• **Problem requirements**
When you copy the records that follow, please keep every word exactly as it is and leave out the pictures.

• **Collected data**
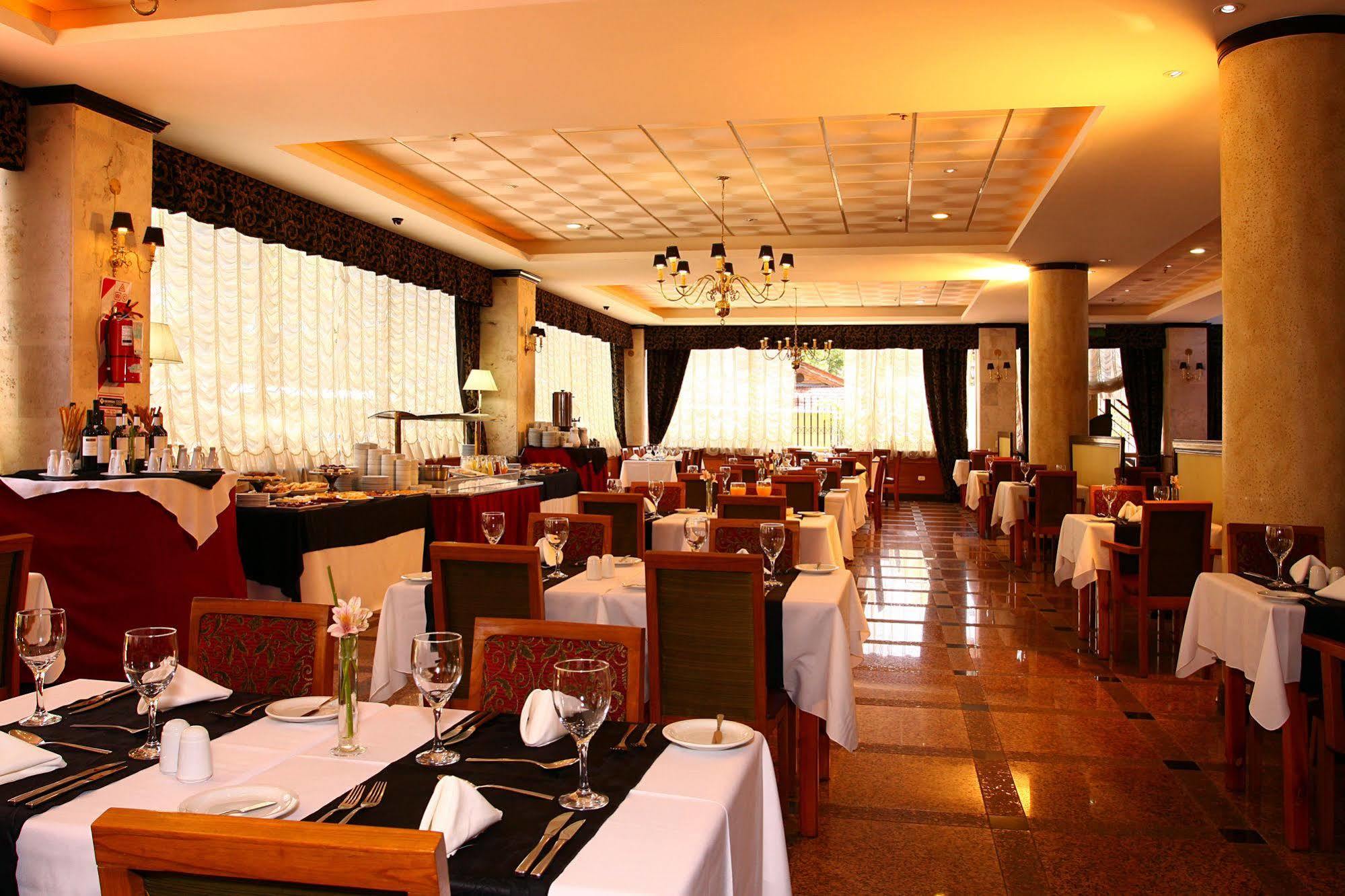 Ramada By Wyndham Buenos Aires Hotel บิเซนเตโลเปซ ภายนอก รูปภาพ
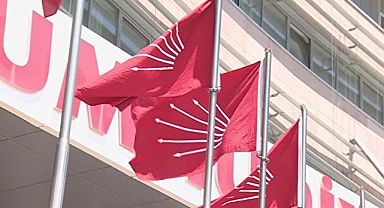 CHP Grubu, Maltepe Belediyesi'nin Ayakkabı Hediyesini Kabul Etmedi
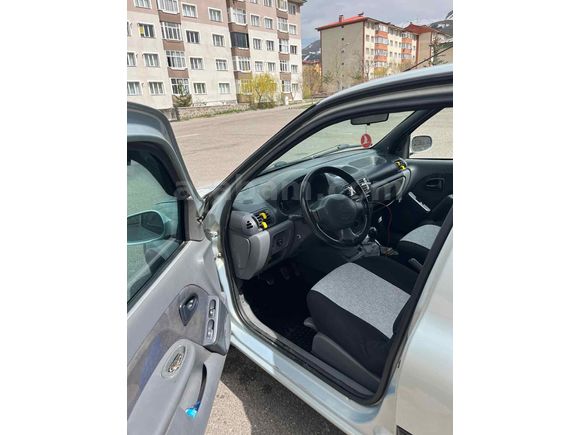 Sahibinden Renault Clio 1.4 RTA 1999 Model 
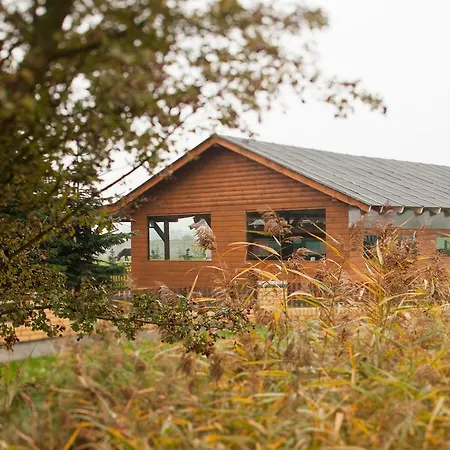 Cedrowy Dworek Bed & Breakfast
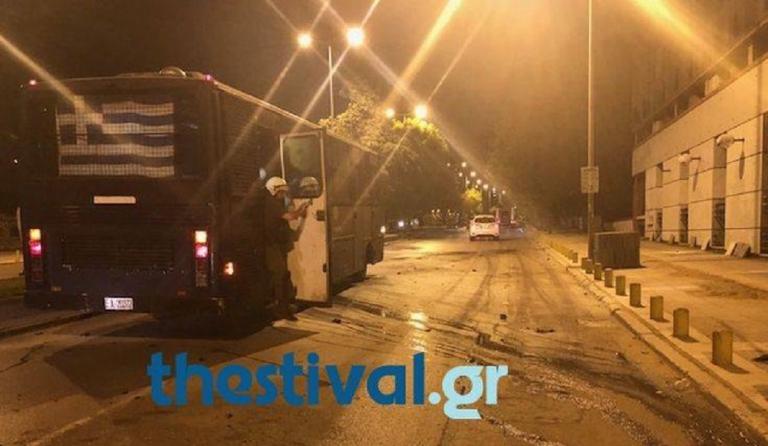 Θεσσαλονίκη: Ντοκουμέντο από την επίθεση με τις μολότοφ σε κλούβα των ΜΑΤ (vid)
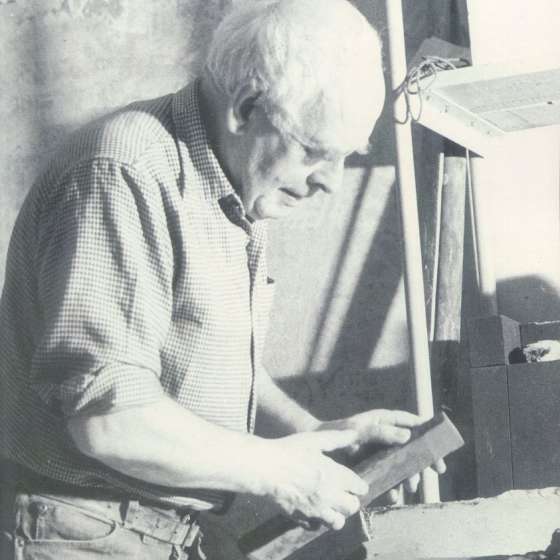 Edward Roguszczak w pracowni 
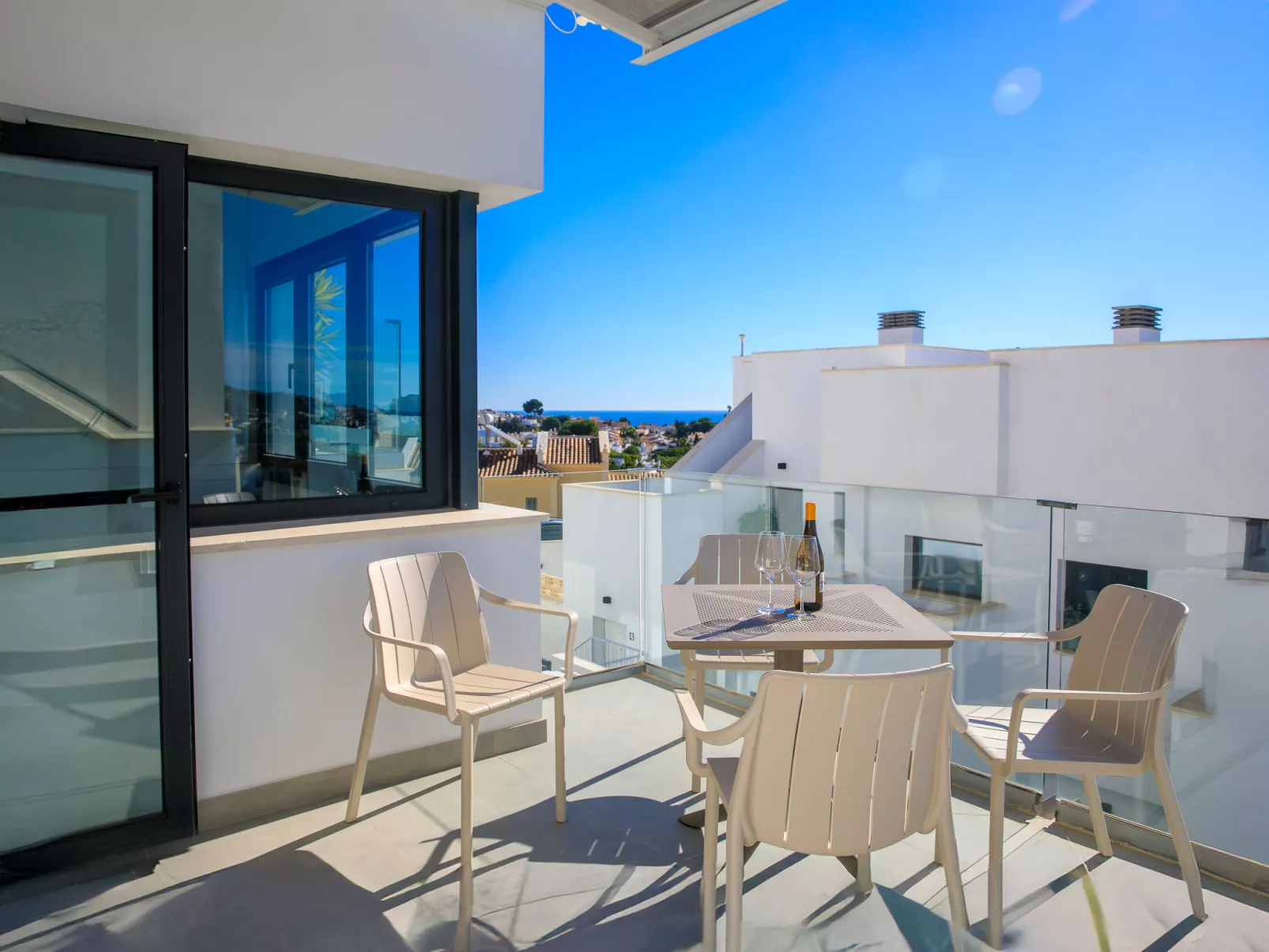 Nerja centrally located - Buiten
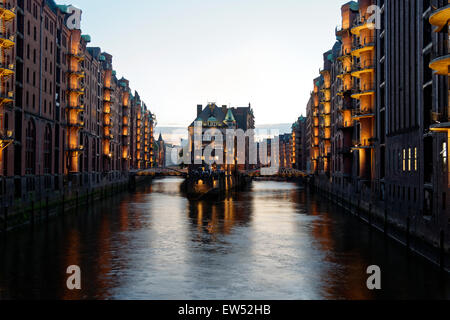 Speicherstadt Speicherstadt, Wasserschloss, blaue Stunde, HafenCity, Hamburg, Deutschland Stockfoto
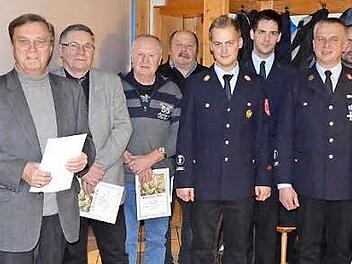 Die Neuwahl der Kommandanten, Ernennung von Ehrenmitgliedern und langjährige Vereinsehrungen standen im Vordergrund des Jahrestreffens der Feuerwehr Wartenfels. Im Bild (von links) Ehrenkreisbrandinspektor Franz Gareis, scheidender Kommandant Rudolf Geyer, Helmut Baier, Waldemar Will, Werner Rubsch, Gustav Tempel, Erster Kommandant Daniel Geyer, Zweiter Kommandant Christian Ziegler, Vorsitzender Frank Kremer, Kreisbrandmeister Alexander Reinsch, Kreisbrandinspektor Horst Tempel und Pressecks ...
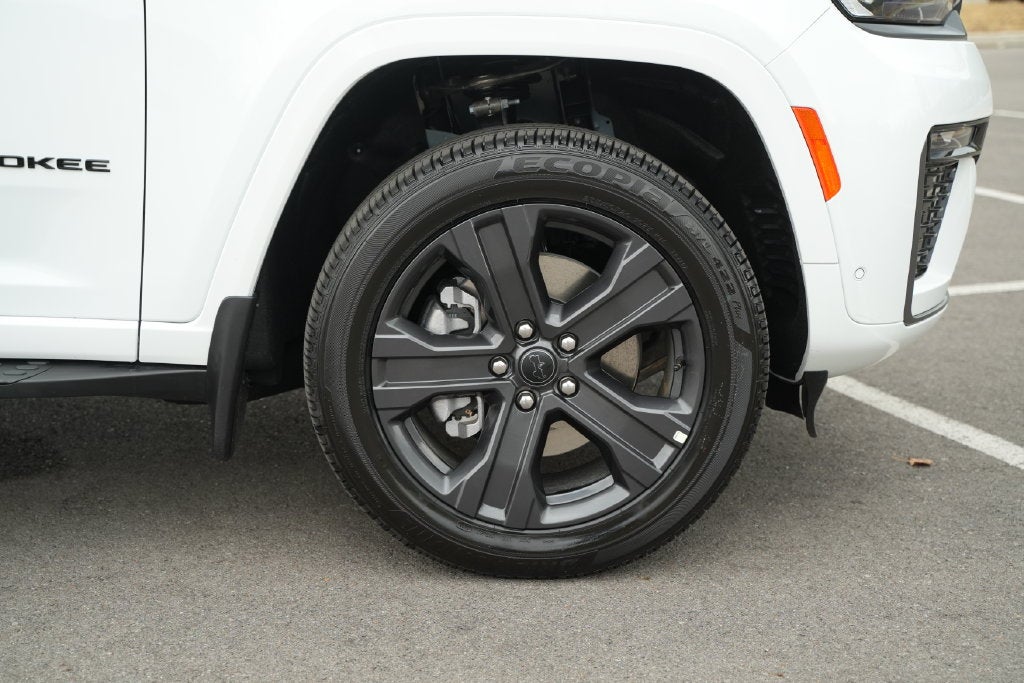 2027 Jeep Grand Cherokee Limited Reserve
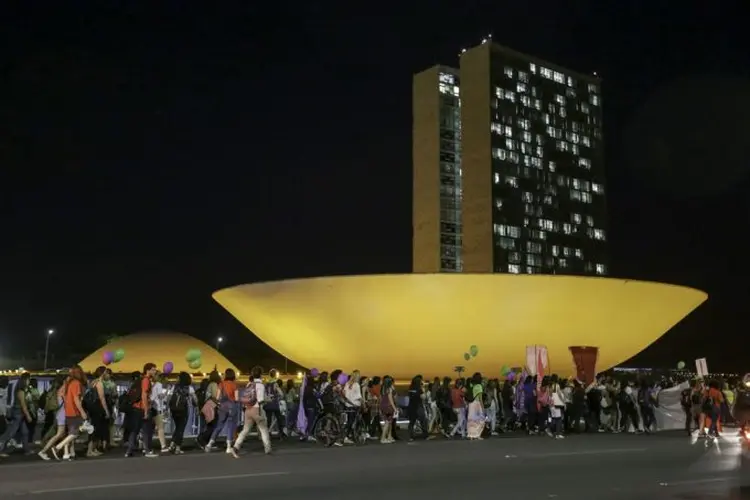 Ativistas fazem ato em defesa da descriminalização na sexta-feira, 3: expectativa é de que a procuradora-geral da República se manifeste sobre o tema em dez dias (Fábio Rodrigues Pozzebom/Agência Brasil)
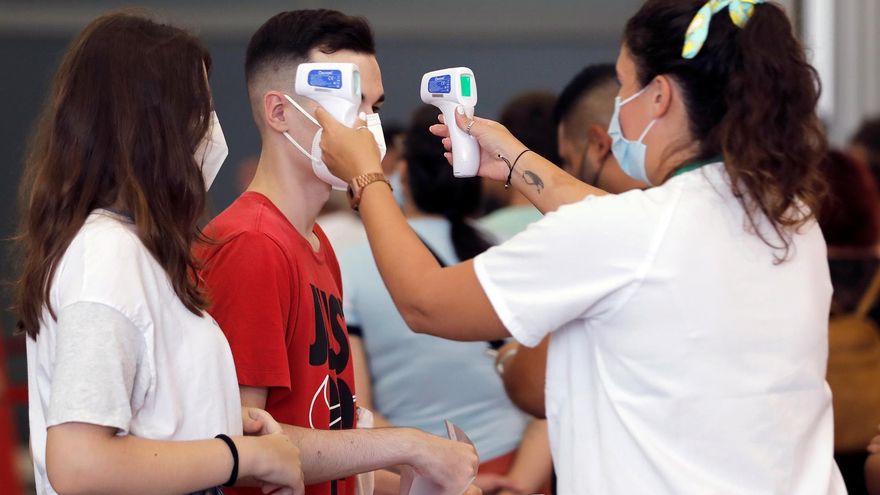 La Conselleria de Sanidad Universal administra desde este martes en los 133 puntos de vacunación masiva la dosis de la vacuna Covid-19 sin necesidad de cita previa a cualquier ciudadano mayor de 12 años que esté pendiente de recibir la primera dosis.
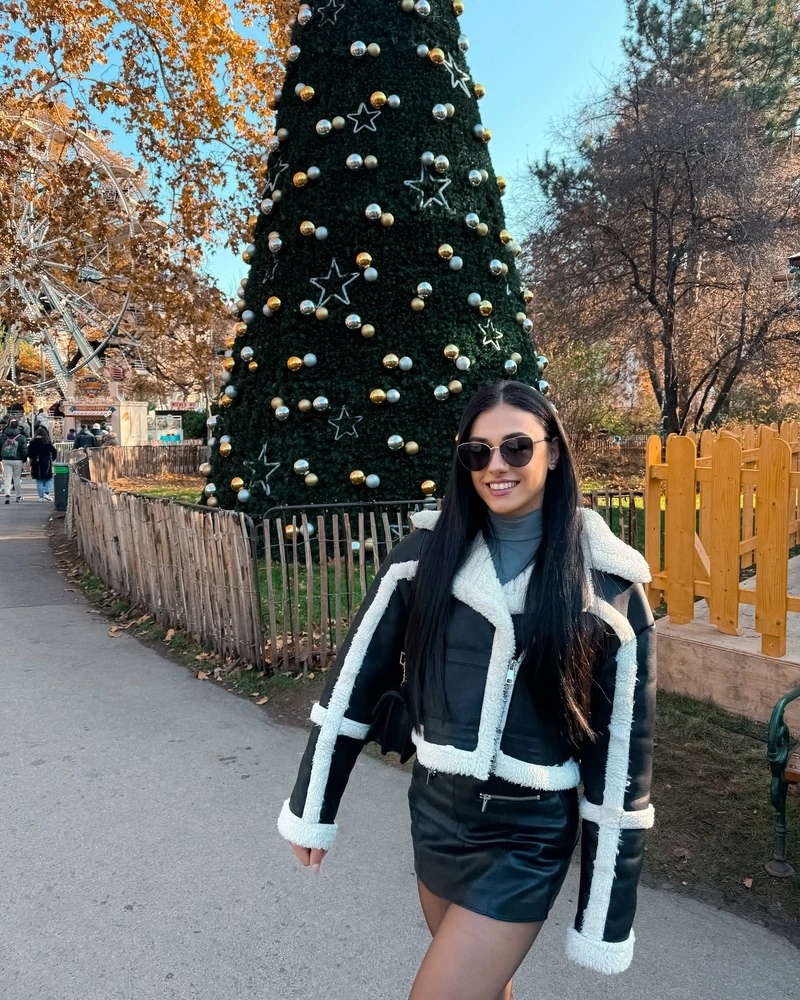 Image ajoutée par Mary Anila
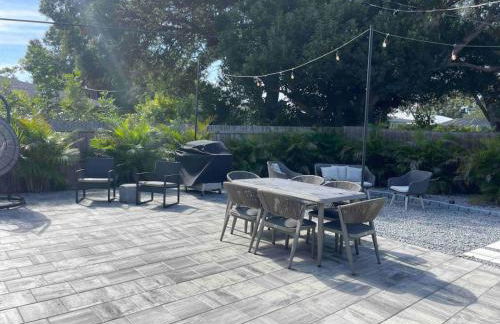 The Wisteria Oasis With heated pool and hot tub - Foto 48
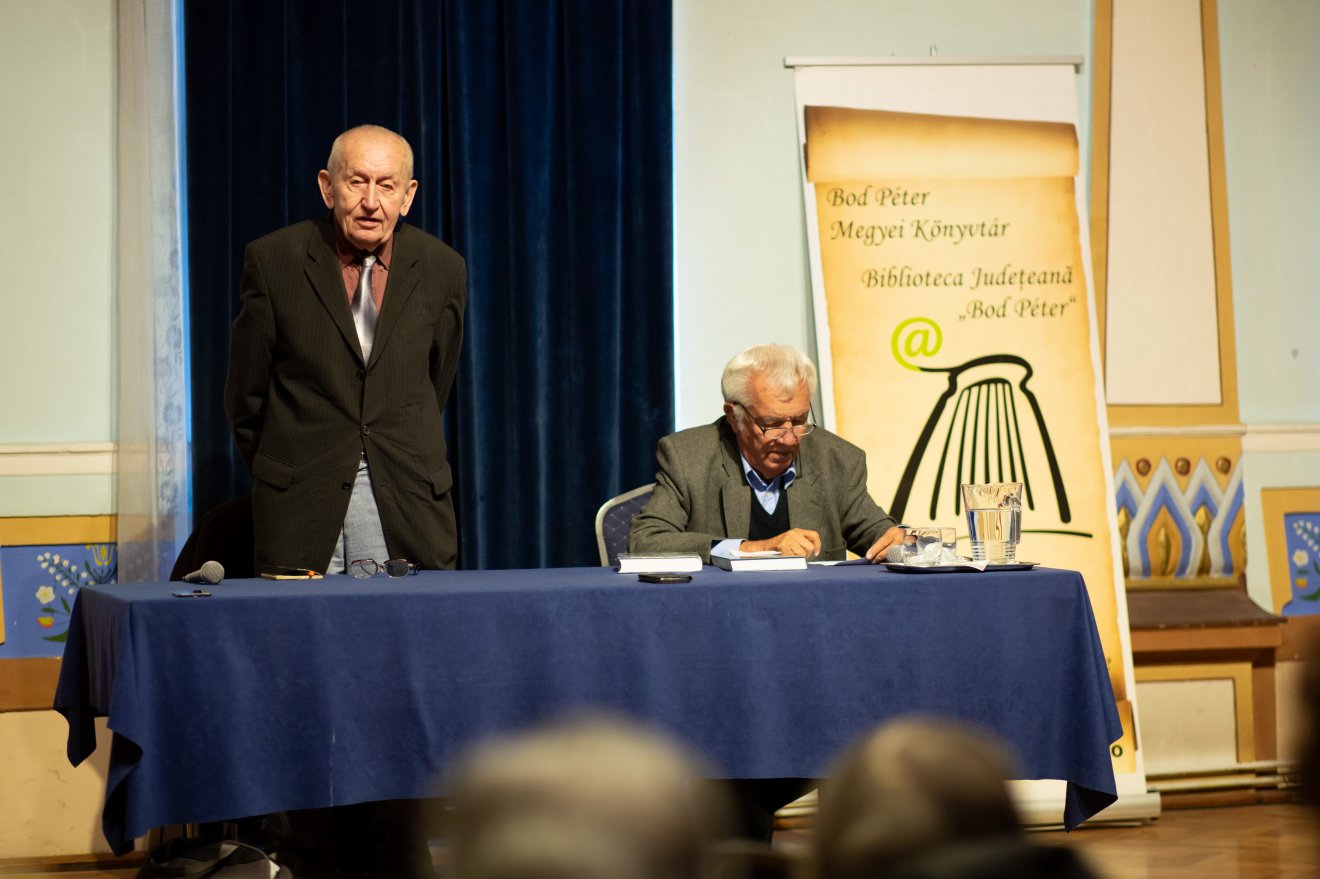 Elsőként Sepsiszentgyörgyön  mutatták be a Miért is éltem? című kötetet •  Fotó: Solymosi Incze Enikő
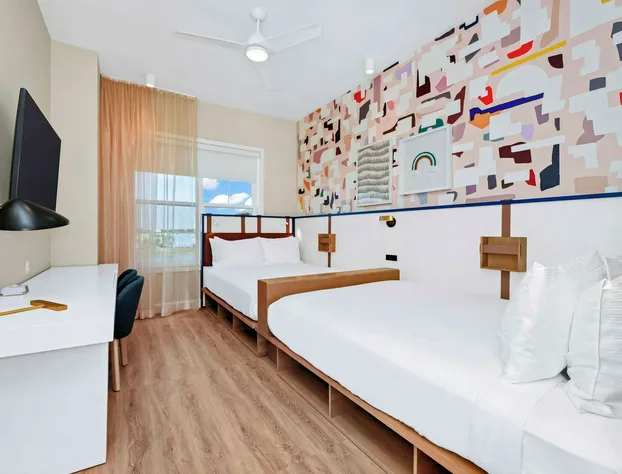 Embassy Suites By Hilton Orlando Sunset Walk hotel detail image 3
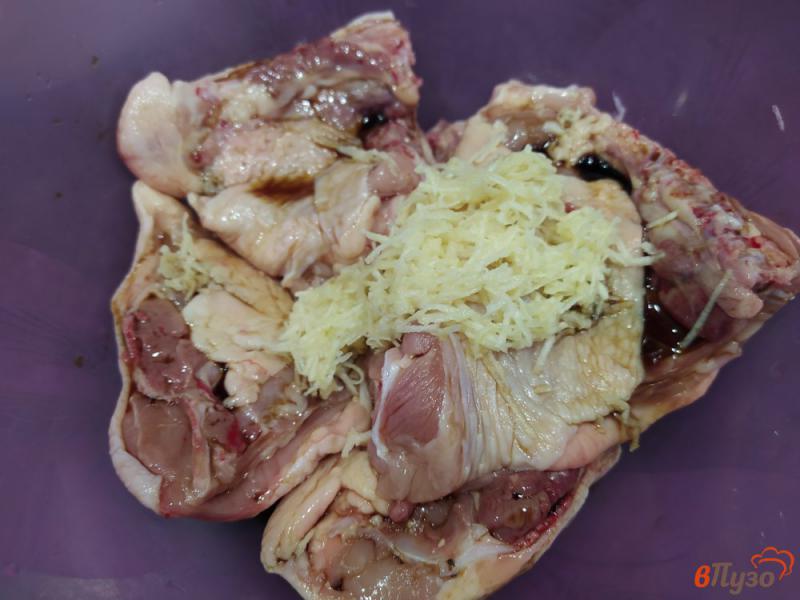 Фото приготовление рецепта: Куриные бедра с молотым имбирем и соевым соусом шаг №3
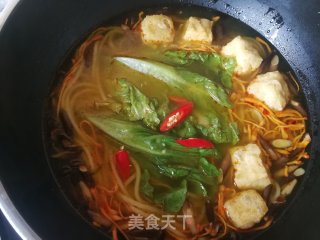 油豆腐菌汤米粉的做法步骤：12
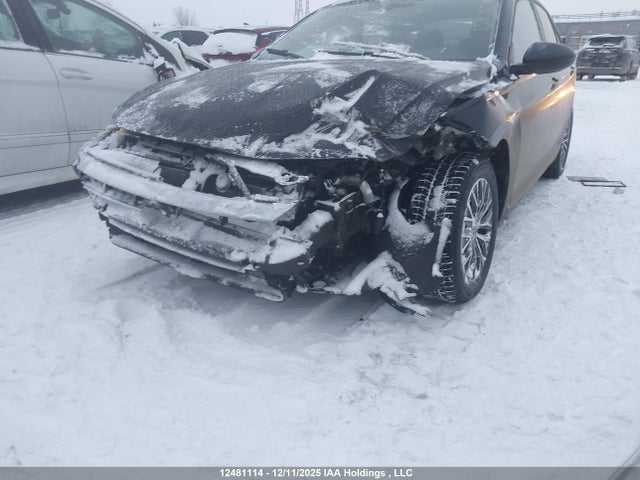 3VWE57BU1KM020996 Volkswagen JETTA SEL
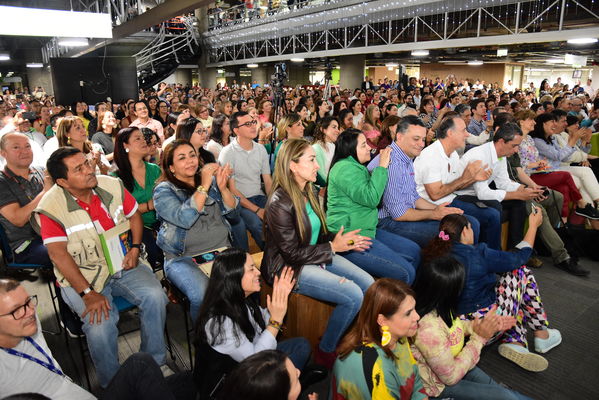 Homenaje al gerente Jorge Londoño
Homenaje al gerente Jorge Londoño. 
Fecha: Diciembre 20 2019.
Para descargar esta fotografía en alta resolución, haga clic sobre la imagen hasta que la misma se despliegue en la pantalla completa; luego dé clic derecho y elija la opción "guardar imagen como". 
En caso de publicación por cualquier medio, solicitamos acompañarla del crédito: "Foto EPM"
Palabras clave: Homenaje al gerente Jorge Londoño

• **Task result**
 Ramada By Wyndham Buenos Aires Hotel บิเซนเตโลเปซ ภายนอก รูปภาพ
 CHP Grubu, Maltepe Belediyesi'nin Ayakkabı Hediyesini Kabul Etmedi
 Sahibinden Renault Clio 1.4 RTA 1999 Model 
 Cedrowy Dworek Bed & Breakfast
 Θεσσαλονίκη: Ντοκουμέντο από την επίθεση με τις μολότοφ σε κλούβα των ΜΑΤ (vid)
 Edward Roguszczak w pracowni 
 Nerja centrally located - Buiten
 Speicherstadt Speicherstadt, Wasserschloss, blaue Stunde, HafenCity, Hamburg, Deutschland Stockfoto
 Die Neuwahl der Kommandanten, Ernennung von Ehrenmitgliedern und langjährige Vereinsehrungen standen im Vordergrund des Jahrestreffens der Feuerwehr Wartenfels. Im Bild (von links) Ehrenkreisbrandinspektor Franz Gareis, scheidender Kommandant Rudolf Geyer, Helmut Baier, Waldemar Will, Werner Rubsch, Gustav Tempel, Erster Kommandant Daniel Geyer, Zweiter Kommandant Christian Ziegler, Vorsitzender Frank Kremer, Kreisbrandmeister Alexander Reinsch, Kreisbrandinspektor Horst Tempel und Pressecks ...
 2027 Jeep Grand Cherokee Limited Reserve
 Ativistas fazem ato em defesa da descriminalização na sexta-feira, 3: expectativa é de que a procuradora-geral da República se manifeste sobre o tema em dez dias (Fábio Rodrigues Pozzebom/Agência Brasil)
 La Conselleria de Sanidad Universal administra desde este martes en los 133 puntos de vacunación masiva la dosis de la vacuna Covid-19 sin necesidad de cita previa a cualquier ciudadano mayor de 12 años que esté pendiente de recibir la primera dosis.
 Image ajoutée par Mary Anila
 The Wisteria Oasis With heated pool and hot tub - Foto 48
 Elsőként Sepsiszentgyörgyön  mutatták be a Miért is éltem? című kötetet •  Fotó: Solymosi Incze Enikő
 Embassy Suites By Hilton Orlando Sunset Walk hotel detail image 3
 Фото приготовление рецепта: Куриные бедра с молотым имбирем и соевым соусом шаг №3
 油豆腐菌汤米粉的做法步骤：12
 3VWE57BU1KM020996 Volkswagen JETTA SEL
 Homenaje al gerente Jorge Londoño
Homenaje al gerente Jorge Londoño. 
Fecha: Diciembre 20 2019.
Para descargar esta fotografía en alta resolución, haga clic sobre la imagen hasta que la misma se despliegue en la pantalla completa; luego dé clic derecho y elija la opción "guardar imagen como". 
En caso de publicación por cualquier medio, solicitamos acompañarla del crédito: "Foto EPM"
Palabras clave: Homenaje al gerente Jorge Londoño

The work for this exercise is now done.